Esta senda no está, sin embargo, limpia de piedras. Se justifica el entusiasmo con el dólar caro si se está interesado en la reactivación, pero una mirada de más largo plazo descubrirá problemas serios, como el costoso acceso a equipamientos y tecnologías, con lo que se resentirán otros factores importantes de competitividad. ¿Esta sólo va a apoyarse en salarios ínfimos en dólares, como los 120 de mínimo que recién regirán desde enero? ¿Será la mejor forma de fortalecer la demanda de mano de obra a largo plazo?
Otra pregunta es si en el ínterin, mientras persista el superávit, habrá que resignarse a que también persista la salida de capitales porque no haya manera de compatibilizar la monetización de ese excedente con la estabilidad macroeconómica. Hasta ahora la experiencia funcionó bien porque, a pesar de la considerable expansión de la cantidad de pesos (oferta monetaria), la baja tasa de inflación no se agitó. Pero también es cierto que el BCRA sólo compró una fracción del excedente.

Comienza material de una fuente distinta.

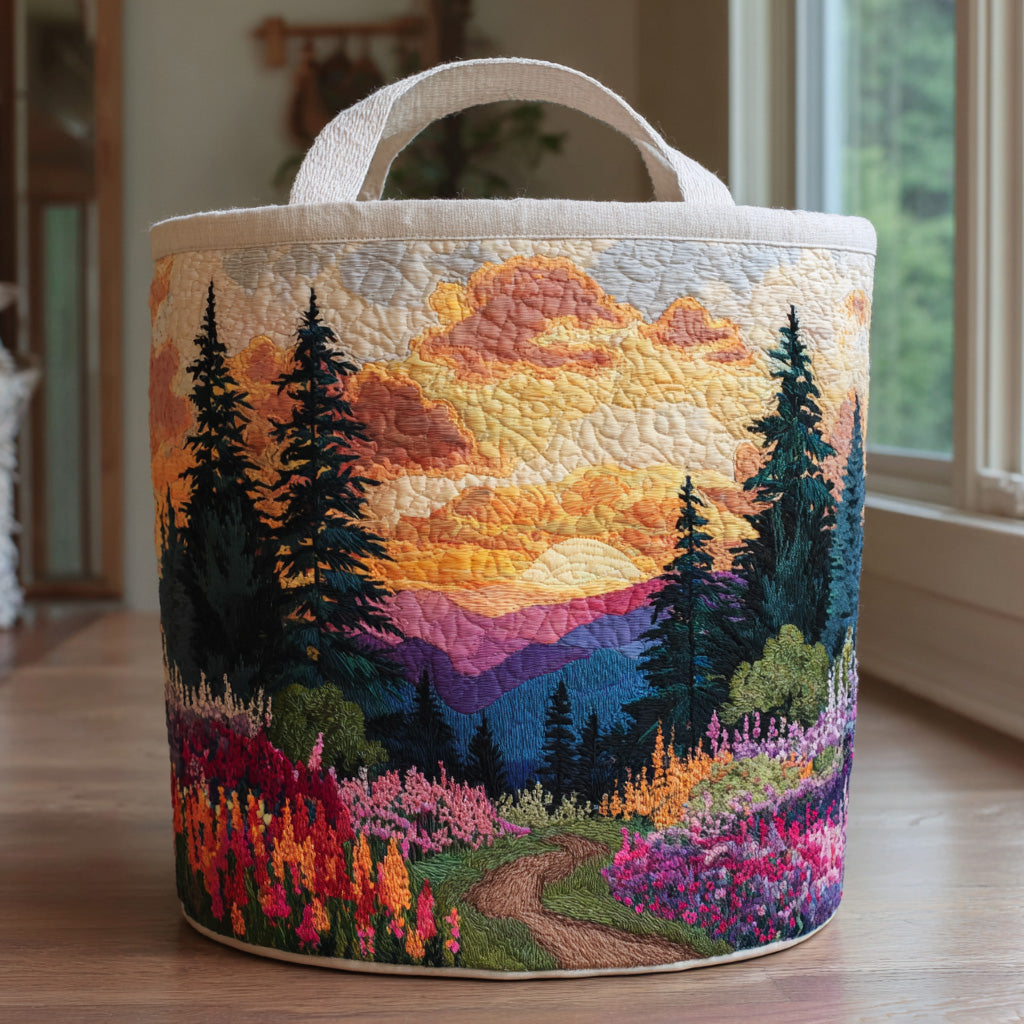 Quilted laundry basket with forest landscape NCU0QN040
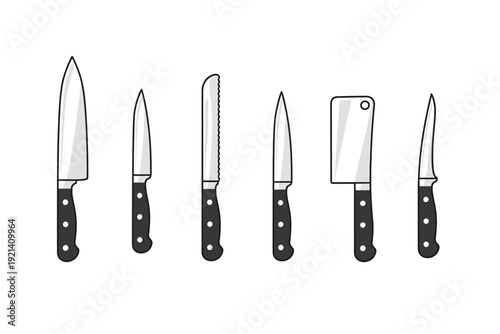 Collection of various kitchen knives arranged in a row on a white background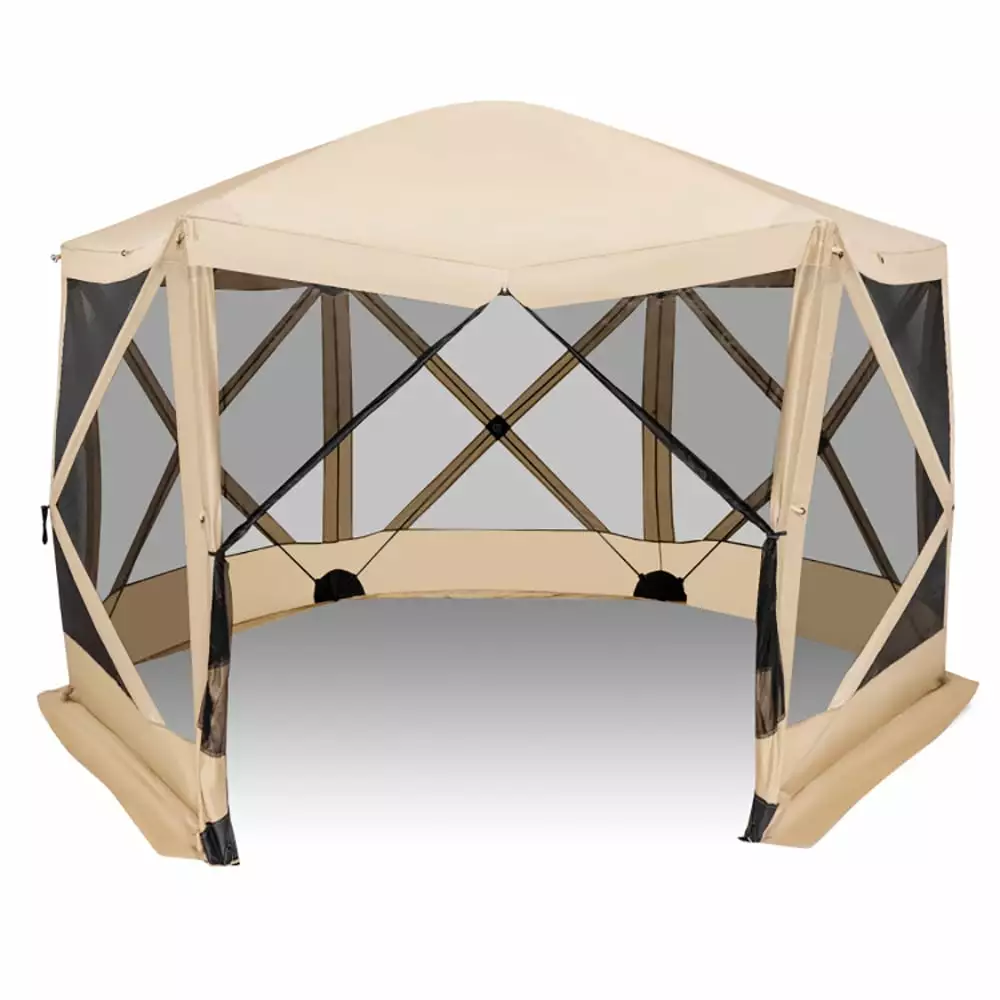 YYAo Portable Pop-up Screen House Tent 11.5x11.5 FT Outdoor Hiking Camping Folding Sun Shelter Carrying Bag Coffee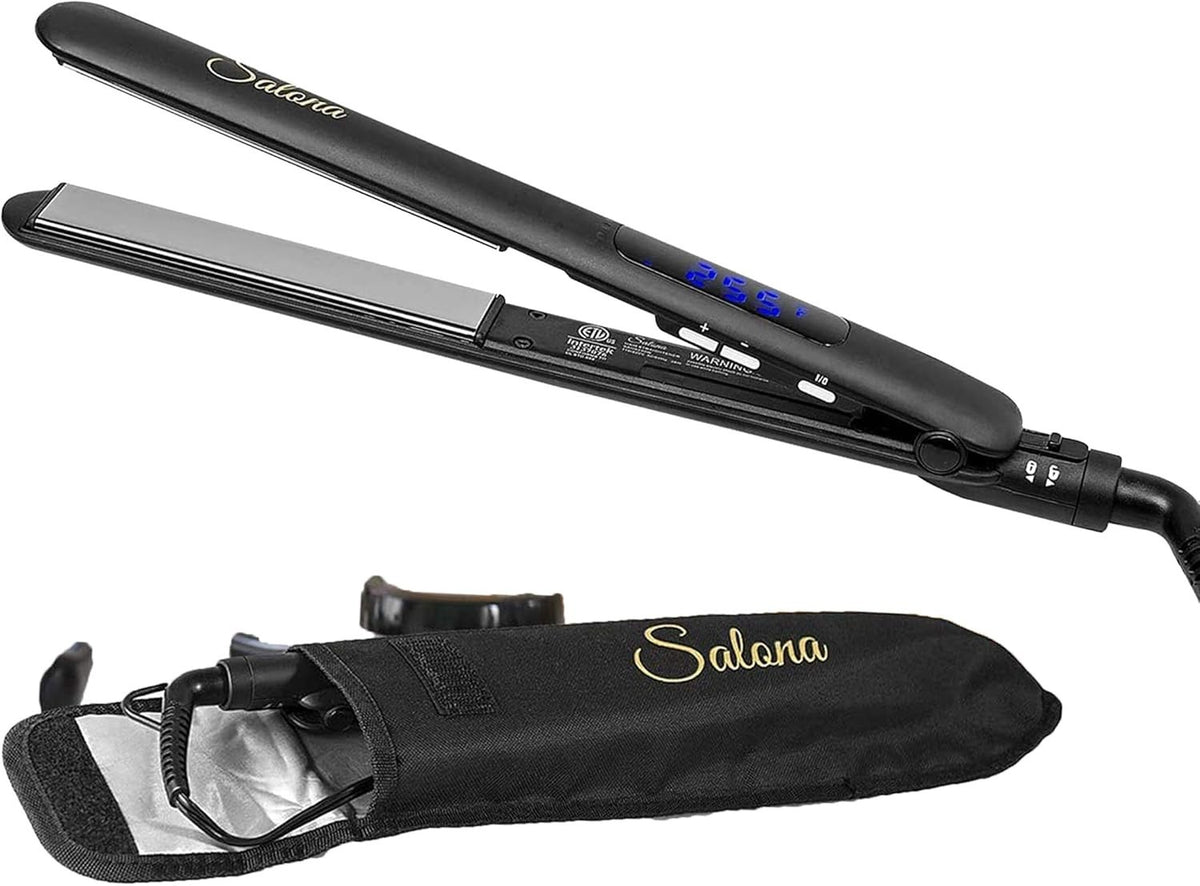 Titanium Hair Straightener 1-Inch Flat Iron with Ionic Technology - Travel Bag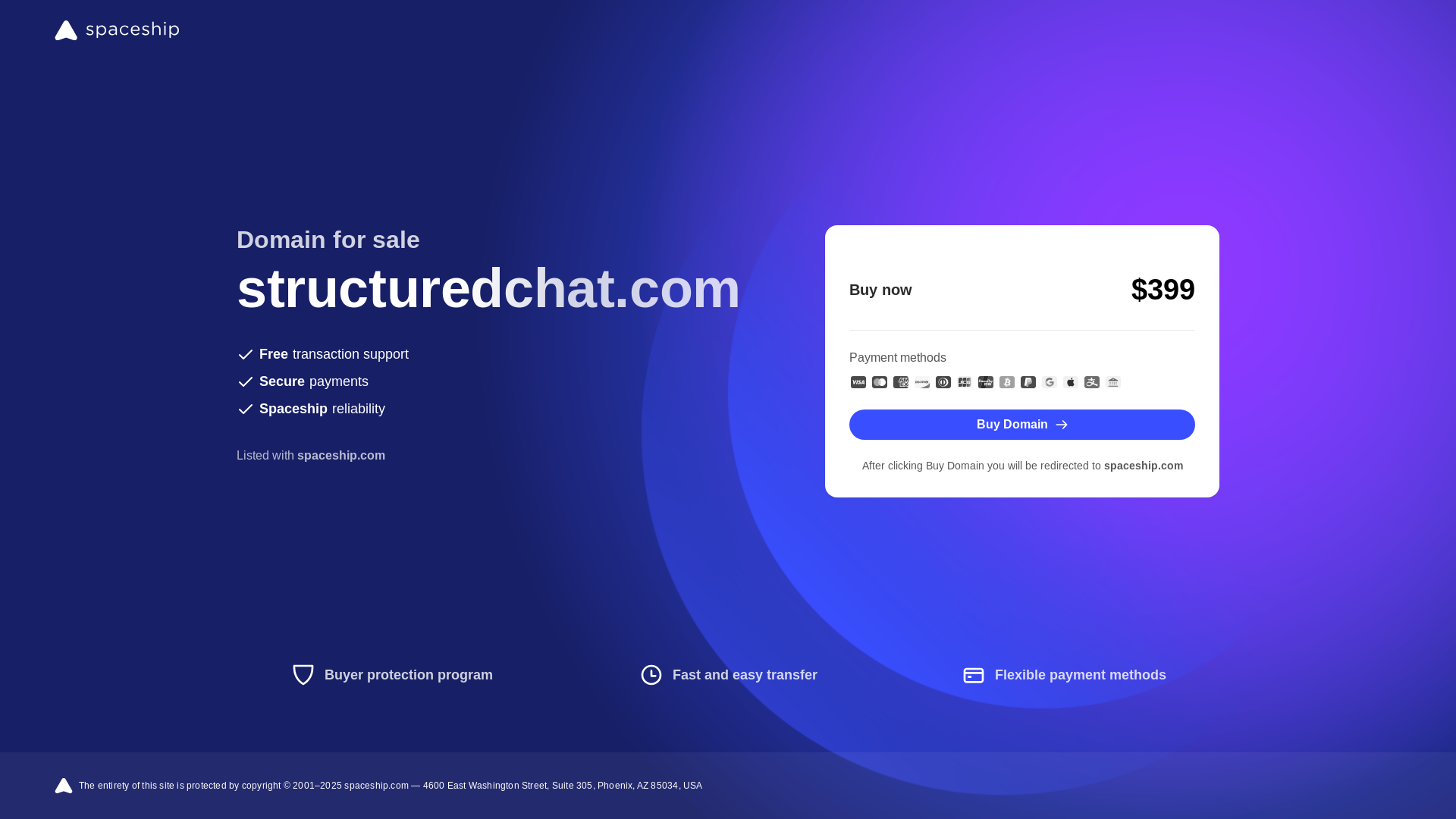 website screenshot of https://structuredchat.com/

Ideal sería que la demanda de pesos creciera con todo el dinamismo necesario para absorber sin traumas la monetización del superávit e incluso la expansión adicional de dinero que se produciría al reactivarse el crédito bancario, hoy muy escaso. Es en ese punto donde aparece un espacio amplio de reformas en la economía que, por el momento, no han tenido lugar. Ese es el terreno donde se libra el combate entre economistas de diferentes credos, el posicionamiento que puede definir si alguien es o no incluido en la lista de invitados a expresar sus opiniones ante Lavagna y más adelante ante el presidente Kirchner.
Pero esta meticulosa discriminación entre los que “se portan bien” y los demás (neoliberales, citícolas, proacreedores y otras especies) no responde cuestiones simples como ésta: si hoy alguien que vive en la Argentina quiere ahorrar para el largo plazo, para armarse algo así como un propio fondo de jubilación, ¿dónde, en qué instrumento financiero pone el dinero dentro del país? ¿Qué garantía ofrecen hoy los bancos? ¿Dónde queda el mercado de capitales? No es que en los ‘90 haya sido mejor: se creyó que lo era, pero fue un enorme fraude, como mínimo por la inconsistencia de la convertibilidad. Ahora ya nadie ni siquiera se engaña. Pero, entonces, el problema, que es crucial para lograr que el ahorro (el flujo y el stock, porque hay mucho acumulado, adentro y afuera) se transforme en inversión y no en salida, subsiste, y son los responsables de la economía quienes deben ir encarándolo.
La impresión es que no le están prestando la atención necesaria, que el ambiente está impregnado de algo así como una embriaguez con las cifras de la reactivación, que parecen bastar para taparle la boca a todo el mundo. Pero, ¿no habría que agregarle otras fichas al juego de la política económica?